L’arma perfetta: come il mondo arabo ha usato i palestinesi per colpire Israele
Da settant’anni il mondo arabo urla “Palestina libera” e poi chiude i confini.
L’Egitto, che basterebbe un varco per dare rifugio a chi scappa da Gaza, ha costruito muri e torri d’osservazione nel Sinai. Non per difendersi da Israele, ma per impedire ai palestinesi di entrare.
E intanto, davanti alle telecamere, gli stessi governi che piangono per Gaza organizzano summit, slogan, conferenze e raccolte fondi. Tutto tranne accoglierli.
La verità è semplice e sporca: la causa palestinese non è mai stata un problema da risolvere, ma un’arma da tenere carica.
Un utile strumento di propaganda per tenere vivo l’odio verso Israele e distrarre i propri popoli da miseria, corruzione e regimi militari.
I palestinesi sono stati usati, manipolati e parcheggiati per decenni.
Mai pienamente integrati nei Paesi arabi che li ospitavano, mai cittadini, mai liberi davvero.
Una popolazione “congelata” nella sofferenza, utile come spina nel fianco di Israele e perfetta per chiedere soldi all’Occidente, che paga sensi di colpa con bonifici miliardari all’ONU, all’UNRWA e alle ONG “umanitarie” con conti a Doha.
Dietro l’ipocrisia della “solidarietà araba” c’è un sistema ben oliato.
Più i palestinesi soffrono, più valgono.
Ogni crisi è un assegno in bianco, ogni vittima un titolo di giornale, ogni foto una donazione.
È una economia del dolore, dove il martirio diventa marketing e la disperazione, una moneta da spendere.

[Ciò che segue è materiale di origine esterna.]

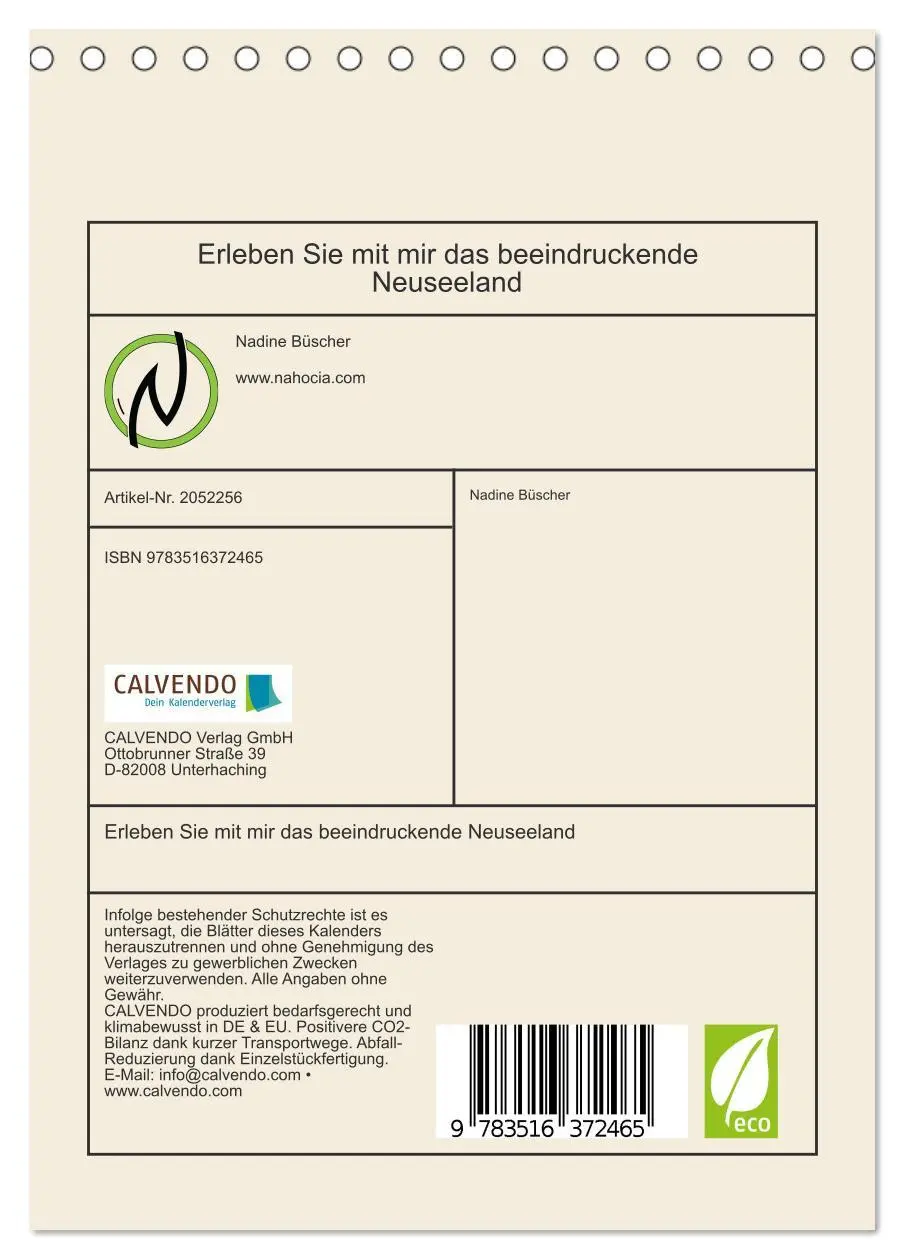 Bild: 9783516372465 | Erleben Sie mit mir das beeindruckende Neuseeland (Tischkalender...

Ma non basta accusare i vicini.
I palestinesi, più volte, hanno scelto i carnefici.
Hanno lanciato guerre, rifiutato ogni proposta di pace, eletto Hamas: un’organizzazione che usa bambini come scudi e funerali come spettacoli.
Un movimento che non sogna la libertà, ma il martirio come progetto politico.

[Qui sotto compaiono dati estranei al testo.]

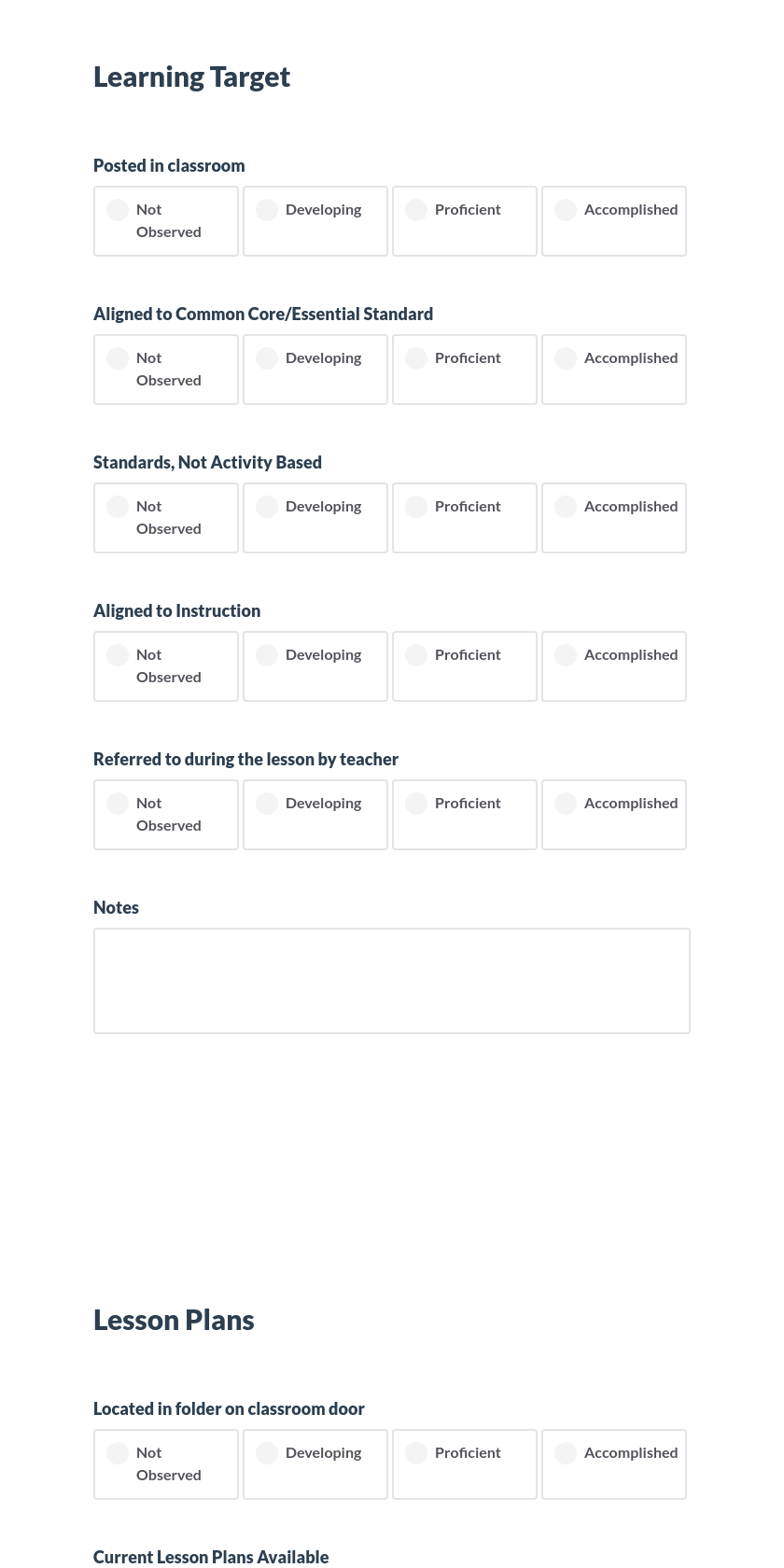 Classroom Walkthrough Preview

Dove la vita vale meno di una foto, e la morte serve a fare propaganda.
Dal 1948 a oggi, la leadership palestinese ha sbagliato ogni sponda.
Ha sostenuto Saddam Hussein, flirtato con Assad, tentato colpi di Stato in Giordania e incendiato il Libano.
Ogni Paese che li ha accolti, ne è uscito devastato.
La solidarietà si è trasformata in subversione, e la causa in caos.
La loro cultura politica è stata colonizzata dal culto del sangue.
Già l’OLP di Arafat trasformò la “rivoluzione” in liturgia, dove la morte dei figli diventava prova di fedeltà.
Poi arrivò Hamas, che codificò tutto in dottrina di Stato: Israele deve sparire, gli ebrei non hanno diritto di esistere, e chi muore combattendo entra in paradiso.
Nei libri scolastici si insegna che Israele è un’entità temporanea.
Nelle moschee si predica che il martirio è più nobile della pace.
E nei video ufficiali la frase “Dal fiume al mare” non è un sogno politico, ma una dichiarazione di guerra.
Hamas ha costruito la sua strategia su un’equazione mostruosa:
più morti civili = più consenso internazionale.
Provocare, farsi colpire, contare le vittime e urlare al genocidio.
In questa macabra contabilità, i palestinesi morti sono la valuta.
Servono a comprare visibilità, compassione e aiuti.
E così, una generazione intera è stata offerta in sacrificio a Moloch, il dio antico del fuoco e dei bambini bruciati vivi, ora ribattezzato “resistenza”.
Un culto che non costruisce, non produce, non educa. Solo distrugge.
Dove il progresso è tradimento, il compromesso peccato, e la vita stessa un fastidio da estirpare.
E voi, che ancora sventolate bandiere e hashtag, pensate davvero di “stare con gli oppressi”?
Non siete dalla parte della libertà.
Siete inginocchiati davanti a Moloch, i vostri occhi pieni di lacrime fasulle, i vostri slogan pieni di morte.
Perché chi aiuta un sistema di oppressione a mantenersi in vita - anche solo con un like o una bugia - non è solidale. È complice.